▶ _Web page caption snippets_
BEGIN

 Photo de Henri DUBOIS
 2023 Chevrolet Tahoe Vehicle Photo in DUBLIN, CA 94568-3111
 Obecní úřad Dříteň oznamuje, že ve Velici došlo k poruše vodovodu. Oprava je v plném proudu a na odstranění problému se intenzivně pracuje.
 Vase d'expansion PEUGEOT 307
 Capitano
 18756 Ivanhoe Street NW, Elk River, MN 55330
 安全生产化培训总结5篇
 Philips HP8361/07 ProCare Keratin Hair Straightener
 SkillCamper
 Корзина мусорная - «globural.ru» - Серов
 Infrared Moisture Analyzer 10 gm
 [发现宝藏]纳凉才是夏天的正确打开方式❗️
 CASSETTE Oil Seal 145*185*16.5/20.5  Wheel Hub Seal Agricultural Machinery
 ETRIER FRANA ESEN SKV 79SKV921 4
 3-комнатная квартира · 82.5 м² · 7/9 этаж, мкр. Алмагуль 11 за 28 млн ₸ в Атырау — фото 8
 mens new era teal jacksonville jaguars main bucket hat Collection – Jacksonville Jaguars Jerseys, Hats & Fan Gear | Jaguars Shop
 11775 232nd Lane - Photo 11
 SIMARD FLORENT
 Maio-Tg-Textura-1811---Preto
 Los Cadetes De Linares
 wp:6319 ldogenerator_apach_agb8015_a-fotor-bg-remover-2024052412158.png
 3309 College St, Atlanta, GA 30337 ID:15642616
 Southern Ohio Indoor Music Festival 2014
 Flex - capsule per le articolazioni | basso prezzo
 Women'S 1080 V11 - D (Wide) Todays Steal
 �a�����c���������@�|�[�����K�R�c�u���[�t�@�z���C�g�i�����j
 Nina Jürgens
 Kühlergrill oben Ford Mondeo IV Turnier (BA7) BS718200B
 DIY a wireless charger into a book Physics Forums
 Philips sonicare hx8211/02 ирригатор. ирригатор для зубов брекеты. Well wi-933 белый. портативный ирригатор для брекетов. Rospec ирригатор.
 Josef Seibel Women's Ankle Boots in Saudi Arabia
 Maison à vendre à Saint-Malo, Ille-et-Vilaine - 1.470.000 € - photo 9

END

▶ _Exercise instructions_
All of the entries must be given again, word for word.

▶ _Response to this task_
 Photo de Henri DUBOIS
 2023 Chevrolet Tahoe Vehicle Photo in DUBLIN, CA 94568-3111
 Obecní úřad Dříteň oznamuje, že ve Velici došlo k poruše vodovodu. Oprava je v plném proudu a na odstranění problému se intenzivně pracuje.
 Vase d'expansion PEUGEOT 307
 Capitano
 18756 Ivanhoe Street NW, Elk River, MN 55330
 安全生产化培训总结5篇
 Philips HP8361/07 ProCare Keratin Hair Straightener
 SkillCamper
 Корзина мусорная - «globural.ru» - Серов
 Infrared Moisture Analyzer 10 gm
 [发现宝藏]纳凉才是夏天的正确打开方式❗️
 CASSETTE Oil Seal 145*185*16.5/20.5  Wheel Hub Seal Agricultural Machinery
 ETRIER FRANA ESEN SKV 79SKV921 4
 3-комнатная квартира · 82.5 м² · 7/9 этаж, мкр. Алмагуль 11 за 28 млн ₸ в Атырау — фото 8
 mens new era teal jacksonville jaguars main bucket hat Collection – Jacksonville Jaguars Jerseys, Hats & Fan Gear | Jaguars Shop
 11775 232nd Lane - Photo 11
 SIMARD FLORENT
 Maio-Tg-Textura-1811---Preto
 Los Cadetes De Linares
 wp:6319 ldogenerator_apach_agb8015_a-fotor-bg-remover-2024052412158.png
 3309 College St, Atlanta, GA 30337 ID:15642616
 Southern Ohio Indoor Music Festival 2014
 Flex - capsule per le articolazioni | basso prezzo
 Women'S 1080 V11 - D (Wide) Todays Steal
 �a�����c���������@�|�[�����K�R�c�u���[�t�@�z���C�g�i�����j
 Nina Jürgens
 Kühlergrill oben Ford Mondeo IV Turnier (BA7) BS718200B
 DIY a wireless charger into a book Physics Forums
 Philips sonicare hx8211/02 ирригатор. ирригатор для зубов брекеты. Well wi-933 белый. портативный ирригатор для брекетов. Rospec ирригатор.
 Josef Seibel Women's Ankle Boots in Saudi Arabia
 Maison à vendre à Saint-Malo, Ille-et-Vilaine - 1.470.000 € - photo 9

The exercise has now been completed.